Similar renunciations are contained in the counter-affidavit filed by Hadji Yaya Bakare Faji who claimed to be a principal member of the Faji Otun family. The plaintiff obtained the order for his surveyor to survey the land in dispute and the adjoining lands in the following terms:
“IT IS HEREBY RULED that the plaintiff’s surveyor be and is hereby authorized to survey not only the land in dispute but also with it the contiguous lands which with the land in dispute originally belonged to the extended family AND THAT the plaintiff should serve on each of those three occupants put on notice with his statement of claim and plan so that they will be in a position to know the extent of the plaintiff’s claim. IT IS ALSO ORDERED that the plaintiff’s surveyor is not to be interfered with in his operations by the defendants and those on notice, their servants and agents.”
It should be observed that the persons put on notice of the motion were not parties to the suit and they had not before then seen either the writ or the pleadings of the parties although they had sworn positively that they were not agents of the defendants or any of them. The imprudence of the step taken of serving them with notice of the motion when they were not parties will be manifest later. However, pursuant to the events that happened Joshua Faji, Buraimoh Awoyemi and Alhaji Mutairu Salu took out a motion asking that they be joined as defendants in the action. They were so joined and became the 4th, 5th and 6th defendants respectively. Before us they are as well defendants/ respondents.
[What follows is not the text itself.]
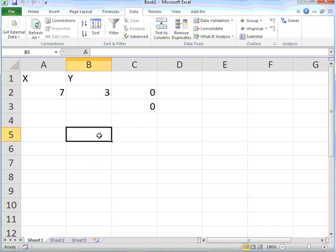The Solver add-in to solve simultaneous equations in Excel 2010.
Pleadings were filed and exchanged by the parties. By his statement of claim the plaintiff avers that the land in dispute, edged yellow in his plan, was part of the larger piece of land edged blue allotted to the Awoyemi family out of a yet bigger parcel of land shown edged red on the same plan, originally belonging to one Ojo Awoyemi by native law and custom he being the first settler on the land. The statement of claim further avers that by virtue of the plaintiff being a descendant of the aforesaid Ojo Awoyemi, he had been let into possession and had indeed erected a building on the yellow area and had always lived there with his family in the same way that his own progenitors before him had lived in the houses built by them on
the land. The statement of claim further states that in or about the month of February 1965 the 1st defendant broke and entered into the said land, demolished his out-houses and despite his repeated warnings commenced building operations on the said land. Finally, the statement of claim avers that the 2nd and 3rd defendants also wrongfully entered upon the said land and have claimed ownership of same. The 1st, 2nd and 3rd defendants filed a statement of defence. That statement of defence avers that the land in dispute was part of extensive areas of land originally belonging by native law and custom to the Asalu Alago family, that that family consisted of two main branches, i.e. the Olufajo branch and the Iyajomu branch, that these two branches also comprised of sub-branches and that in particular the Iyajomu branch comprised the sub-branches of the Osuro and the Oduntan-Aboyomi kindreds. The statement of defence of the first three defendants further avers that pursuant to an order of court all the lands of the Asalu Alago family were partitioned among the branches and sub-branches of that family and that the land in dispute fell within the lot of the Osuro sub-branch, the members of which had in turn sold same to the 3rd defendant by virtue of a conveyance dated 11th February, 1954. The statement of defence of these defendants further avers that it was the 3rd defendant who had sold the land to the 2nd defendant and that the 2nd defendant had already completed the erection of a sizeable building on the land.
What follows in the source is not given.